Quebec National Assembly shooting remembered after 30 years

The hearses of three civil servants stand in front of the Quebec National Assembly building in Quebec City on May 11, 1984. Hans Deryk/The Canadian Press

MONTREAL – Thirty years ago today, a heavily armed man dressed in combat fatigues entered the National Assembly in Quebec City and killed three government employees.

Thirteen others were injured, and if it weren’t for the level-headed response of the National Assembly’s Sergeant-at-Arms, many more could have been hurt.

It was an event that shocked the country.

On May 7, Canadian Forces Corporal Denis Lortie left the CFS Carp in Ontario, rented a car, drove to Quebec City and took a guided tour of the parliament building.

The car used by Denis Lortie and left outside the National Assembly stands idle during the hostage and shooting spree that left three people dead in Quebec City on May 8, 1984. Paul Chiasson/The Canadian Press

The next day, he dropped off a sealed envelope containing an audiotape at a local radio station. It was a recording of Lortie, talking about his issues with the ruling Parti Quebecois’ pro-French language policies.

Story continues below advertisement

At one point he said, “No one will be able to stop me – not the police, not the army – because I am going to carry out destruction and then destroy myself. It will be a first for Canada.”

By the time radio staff called police, his plan had been put into action.

Armed with two automatic weapons and an Inglis pistol, Lortie entered the National Assembly at 9:45 a.m., reportedly shouting, “Où sont les députés? Je vais les tuer!” (Where are the MNAs? I’m going to kill them!).

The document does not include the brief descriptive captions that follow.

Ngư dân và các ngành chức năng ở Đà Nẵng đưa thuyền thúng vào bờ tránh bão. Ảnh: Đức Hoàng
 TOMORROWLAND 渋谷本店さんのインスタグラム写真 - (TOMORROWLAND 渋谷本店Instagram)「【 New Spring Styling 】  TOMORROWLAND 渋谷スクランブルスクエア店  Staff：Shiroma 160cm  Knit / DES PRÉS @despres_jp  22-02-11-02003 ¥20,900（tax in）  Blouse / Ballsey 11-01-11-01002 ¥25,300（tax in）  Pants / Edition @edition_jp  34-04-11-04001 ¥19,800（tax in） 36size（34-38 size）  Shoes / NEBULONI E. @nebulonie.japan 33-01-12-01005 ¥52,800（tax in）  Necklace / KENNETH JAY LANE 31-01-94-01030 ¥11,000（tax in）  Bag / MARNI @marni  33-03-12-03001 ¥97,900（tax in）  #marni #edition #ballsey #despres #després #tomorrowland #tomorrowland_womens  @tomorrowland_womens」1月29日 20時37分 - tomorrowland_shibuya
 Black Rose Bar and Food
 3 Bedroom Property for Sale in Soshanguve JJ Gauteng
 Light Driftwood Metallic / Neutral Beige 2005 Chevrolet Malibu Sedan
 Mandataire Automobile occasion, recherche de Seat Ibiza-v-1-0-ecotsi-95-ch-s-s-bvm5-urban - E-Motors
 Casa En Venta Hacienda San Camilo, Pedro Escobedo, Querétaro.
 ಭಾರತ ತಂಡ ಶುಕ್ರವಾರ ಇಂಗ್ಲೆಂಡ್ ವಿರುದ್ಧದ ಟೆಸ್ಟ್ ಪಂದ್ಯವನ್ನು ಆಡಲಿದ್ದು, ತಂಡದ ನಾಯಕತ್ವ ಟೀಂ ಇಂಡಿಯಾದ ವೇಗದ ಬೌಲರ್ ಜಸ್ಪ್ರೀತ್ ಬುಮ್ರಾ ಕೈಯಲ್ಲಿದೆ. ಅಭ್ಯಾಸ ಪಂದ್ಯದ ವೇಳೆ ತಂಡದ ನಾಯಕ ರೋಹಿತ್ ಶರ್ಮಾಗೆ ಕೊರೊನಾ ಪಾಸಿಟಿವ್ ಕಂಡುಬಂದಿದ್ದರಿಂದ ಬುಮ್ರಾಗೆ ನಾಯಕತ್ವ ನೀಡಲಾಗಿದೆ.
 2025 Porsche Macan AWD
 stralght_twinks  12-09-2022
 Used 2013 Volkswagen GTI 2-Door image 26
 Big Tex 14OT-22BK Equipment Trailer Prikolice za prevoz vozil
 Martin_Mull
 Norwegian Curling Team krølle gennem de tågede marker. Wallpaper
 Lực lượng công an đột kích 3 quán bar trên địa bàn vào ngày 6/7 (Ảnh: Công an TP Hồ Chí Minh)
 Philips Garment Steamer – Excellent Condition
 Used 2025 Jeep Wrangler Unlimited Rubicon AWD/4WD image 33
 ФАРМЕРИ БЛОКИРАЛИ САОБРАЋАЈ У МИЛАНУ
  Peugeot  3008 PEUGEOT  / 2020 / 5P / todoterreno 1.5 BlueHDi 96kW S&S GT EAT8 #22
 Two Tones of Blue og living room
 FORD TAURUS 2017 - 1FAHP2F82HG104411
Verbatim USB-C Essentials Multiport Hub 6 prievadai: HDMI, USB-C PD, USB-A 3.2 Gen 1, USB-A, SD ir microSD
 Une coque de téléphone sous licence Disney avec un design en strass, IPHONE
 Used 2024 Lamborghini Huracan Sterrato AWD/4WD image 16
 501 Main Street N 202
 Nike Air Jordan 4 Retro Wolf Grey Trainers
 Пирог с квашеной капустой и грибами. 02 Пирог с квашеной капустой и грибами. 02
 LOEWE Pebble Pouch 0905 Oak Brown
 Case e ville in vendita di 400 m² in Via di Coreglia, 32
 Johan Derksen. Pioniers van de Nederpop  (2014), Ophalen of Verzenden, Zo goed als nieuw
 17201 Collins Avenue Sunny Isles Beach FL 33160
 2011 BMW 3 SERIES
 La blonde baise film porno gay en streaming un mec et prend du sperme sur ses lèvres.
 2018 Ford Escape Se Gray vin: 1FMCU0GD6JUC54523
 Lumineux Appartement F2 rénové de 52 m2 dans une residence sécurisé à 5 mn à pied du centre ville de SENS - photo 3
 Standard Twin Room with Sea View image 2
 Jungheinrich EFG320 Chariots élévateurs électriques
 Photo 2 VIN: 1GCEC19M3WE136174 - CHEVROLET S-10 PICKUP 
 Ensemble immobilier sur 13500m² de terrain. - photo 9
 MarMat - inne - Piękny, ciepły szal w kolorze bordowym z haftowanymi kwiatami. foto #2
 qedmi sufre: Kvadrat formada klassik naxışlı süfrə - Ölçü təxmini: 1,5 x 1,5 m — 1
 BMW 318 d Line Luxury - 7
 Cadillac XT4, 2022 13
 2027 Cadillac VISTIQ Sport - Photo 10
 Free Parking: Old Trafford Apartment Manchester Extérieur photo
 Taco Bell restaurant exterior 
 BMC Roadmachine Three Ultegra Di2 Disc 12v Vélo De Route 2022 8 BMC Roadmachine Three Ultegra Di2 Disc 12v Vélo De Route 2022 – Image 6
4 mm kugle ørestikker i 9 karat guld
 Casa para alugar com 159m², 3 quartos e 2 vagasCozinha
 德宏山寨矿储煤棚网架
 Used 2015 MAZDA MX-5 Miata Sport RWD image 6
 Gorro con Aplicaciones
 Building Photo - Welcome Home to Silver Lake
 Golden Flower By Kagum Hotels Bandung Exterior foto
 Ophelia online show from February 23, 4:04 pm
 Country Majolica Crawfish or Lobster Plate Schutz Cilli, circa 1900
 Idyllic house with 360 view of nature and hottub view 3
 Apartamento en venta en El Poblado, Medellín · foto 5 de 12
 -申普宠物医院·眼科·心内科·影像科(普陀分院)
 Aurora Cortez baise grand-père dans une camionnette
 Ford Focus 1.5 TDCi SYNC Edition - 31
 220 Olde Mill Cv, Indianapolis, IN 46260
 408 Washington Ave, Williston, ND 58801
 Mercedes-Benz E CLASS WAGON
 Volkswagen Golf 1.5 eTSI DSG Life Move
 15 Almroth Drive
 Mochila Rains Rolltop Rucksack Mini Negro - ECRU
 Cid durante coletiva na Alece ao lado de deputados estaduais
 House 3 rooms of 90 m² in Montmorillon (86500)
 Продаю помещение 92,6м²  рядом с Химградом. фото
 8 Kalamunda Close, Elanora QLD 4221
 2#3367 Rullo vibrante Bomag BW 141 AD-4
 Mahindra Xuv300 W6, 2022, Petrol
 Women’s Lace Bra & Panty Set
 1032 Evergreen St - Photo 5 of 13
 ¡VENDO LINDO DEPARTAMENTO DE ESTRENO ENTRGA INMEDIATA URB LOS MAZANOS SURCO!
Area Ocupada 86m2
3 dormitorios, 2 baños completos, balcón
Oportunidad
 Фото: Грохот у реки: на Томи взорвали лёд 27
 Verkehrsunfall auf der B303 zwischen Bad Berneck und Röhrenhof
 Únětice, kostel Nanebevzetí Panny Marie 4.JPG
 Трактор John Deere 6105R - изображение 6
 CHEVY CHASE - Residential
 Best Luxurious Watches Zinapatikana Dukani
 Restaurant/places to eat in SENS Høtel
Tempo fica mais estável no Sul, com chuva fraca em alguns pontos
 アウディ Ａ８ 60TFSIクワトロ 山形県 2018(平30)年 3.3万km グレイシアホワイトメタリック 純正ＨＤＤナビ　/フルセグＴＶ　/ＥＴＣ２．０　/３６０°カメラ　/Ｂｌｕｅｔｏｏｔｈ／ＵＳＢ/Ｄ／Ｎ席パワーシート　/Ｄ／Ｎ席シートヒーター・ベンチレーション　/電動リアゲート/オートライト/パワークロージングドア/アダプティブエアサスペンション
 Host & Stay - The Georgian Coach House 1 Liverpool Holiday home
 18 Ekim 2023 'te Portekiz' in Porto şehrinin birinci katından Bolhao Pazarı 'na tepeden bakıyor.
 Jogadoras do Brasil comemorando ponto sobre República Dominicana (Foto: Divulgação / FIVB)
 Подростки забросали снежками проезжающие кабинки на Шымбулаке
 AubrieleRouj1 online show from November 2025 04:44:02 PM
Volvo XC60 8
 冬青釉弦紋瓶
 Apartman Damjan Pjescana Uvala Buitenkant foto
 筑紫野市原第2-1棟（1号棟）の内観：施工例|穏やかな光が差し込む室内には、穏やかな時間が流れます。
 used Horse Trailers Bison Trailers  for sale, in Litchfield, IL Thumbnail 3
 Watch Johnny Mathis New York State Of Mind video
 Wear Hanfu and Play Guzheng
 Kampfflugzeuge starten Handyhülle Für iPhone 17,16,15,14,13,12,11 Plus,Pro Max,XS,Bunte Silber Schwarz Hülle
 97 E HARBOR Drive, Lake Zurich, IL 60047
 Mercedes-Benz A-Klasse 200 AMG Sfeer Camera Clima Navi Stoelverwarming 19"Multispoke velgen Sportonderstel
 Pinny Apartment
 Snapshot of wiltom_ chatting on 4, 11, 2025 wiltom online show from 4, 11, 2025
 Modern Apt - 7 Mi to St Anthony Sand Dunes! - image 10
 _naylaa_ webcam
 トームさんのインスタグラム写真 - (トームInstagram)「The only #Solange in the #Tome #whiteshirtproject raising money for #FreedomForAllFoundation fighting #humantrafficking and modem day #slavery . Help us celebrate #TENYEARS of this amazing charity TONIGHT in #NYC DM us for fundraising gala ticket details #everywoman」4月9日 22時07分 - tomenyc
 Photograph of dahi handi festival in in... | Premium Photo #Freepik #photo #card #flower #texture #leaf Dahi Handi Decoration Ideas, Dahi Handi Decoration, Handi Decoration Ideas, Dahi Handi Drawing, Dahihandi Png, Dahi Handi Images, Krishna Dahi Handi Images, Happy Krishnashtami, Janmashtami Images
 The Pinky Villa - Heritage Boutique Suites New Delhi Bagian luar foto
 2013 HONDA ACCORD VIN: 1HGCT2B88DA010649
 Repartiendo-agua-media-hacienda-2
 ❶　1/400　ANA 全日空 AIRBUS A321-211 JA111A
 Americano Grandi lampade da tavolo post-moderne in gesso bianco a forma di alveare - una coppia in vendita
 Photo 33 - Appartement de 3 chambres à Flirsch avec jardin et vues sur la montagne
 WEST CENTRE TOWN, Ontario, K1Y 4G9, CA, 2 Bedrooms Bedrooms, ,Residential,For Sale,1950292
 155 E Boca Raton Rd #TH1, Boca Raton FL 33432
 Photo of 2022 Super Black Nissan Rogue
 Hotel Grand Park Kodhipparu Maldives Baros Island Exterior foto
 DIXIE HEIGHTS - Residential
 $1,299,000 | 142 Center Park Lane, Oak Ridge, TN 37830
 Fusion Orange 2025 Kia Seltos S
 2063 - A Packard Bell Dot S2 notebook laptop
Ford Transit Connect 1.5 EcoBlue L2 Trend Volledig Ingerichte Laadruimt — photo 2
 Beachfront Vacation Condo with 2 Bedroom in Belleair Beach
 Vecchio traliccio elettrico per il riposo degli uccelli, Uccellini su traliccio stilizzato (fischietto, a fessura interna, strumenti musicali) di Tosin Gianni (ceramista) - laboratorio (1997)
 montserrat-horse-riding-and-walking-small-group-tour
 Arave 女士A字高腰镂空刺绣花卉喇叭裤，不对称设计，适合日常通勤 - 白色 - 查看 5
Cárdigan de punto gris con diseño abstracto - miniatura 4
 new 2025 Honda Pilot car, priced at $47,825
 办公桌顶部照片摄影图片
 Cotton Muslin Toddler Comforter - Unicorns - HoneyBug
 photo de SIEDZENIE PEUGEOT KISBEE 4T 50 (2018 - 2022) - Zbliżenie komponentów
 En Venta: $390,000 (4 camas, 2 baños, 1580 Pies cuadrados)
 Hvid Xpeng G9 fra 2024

Blood stains are seen on the floor of one of the rooms in the National Assembly building where Denis Lortie shot and killed three people and injured 13 others in Quebec City on May 8, 1984. Jacques Boissinot/The Canadian Press

Quebec Premier René Lévesque and his cabinet were not in the National Assembly at the time. Ministers that were in the building had time to barricade themselves in the restaurant, but government workers had no warning.

As Lortie walked through the halls, he shot and killed three employees, Georges Boyer, Roger Lefrançois and Camille Lepage, and injured 13 others.

Story continues below advertisement

Eventually, Lortie ended up in the Assembly Chamber, where he was found seated in the Speaker’s chair by Sergeant-at-Arms and retired army major, René Marc Jalbert.

Sergeant-at-Arms and retired army major, René Marc Jalbert talks with Canadian Forces Corporal Denis Lortie in Quebec’s National Assembly on May 8, 1984.

Jalbert offered the Corporal a cup of coffee and a cigarette, saying: “I see you’re an army man. I’m an army man myself.”

The dramatic moments were recorded by a television camera permanently installed in the Assembly Chamber.

A member of the SWAT team runs with the car carrying the gunman that shot and killed three people and injured 13 others at the Quebec National Assembly building in Quebec City on May 8, 1984. Ryan Remiorz/The Canadian Press

Jalbert then persuaded Lortie to come to his office, where, four hours later, a police negotiator convinced him to surrender over the telephone.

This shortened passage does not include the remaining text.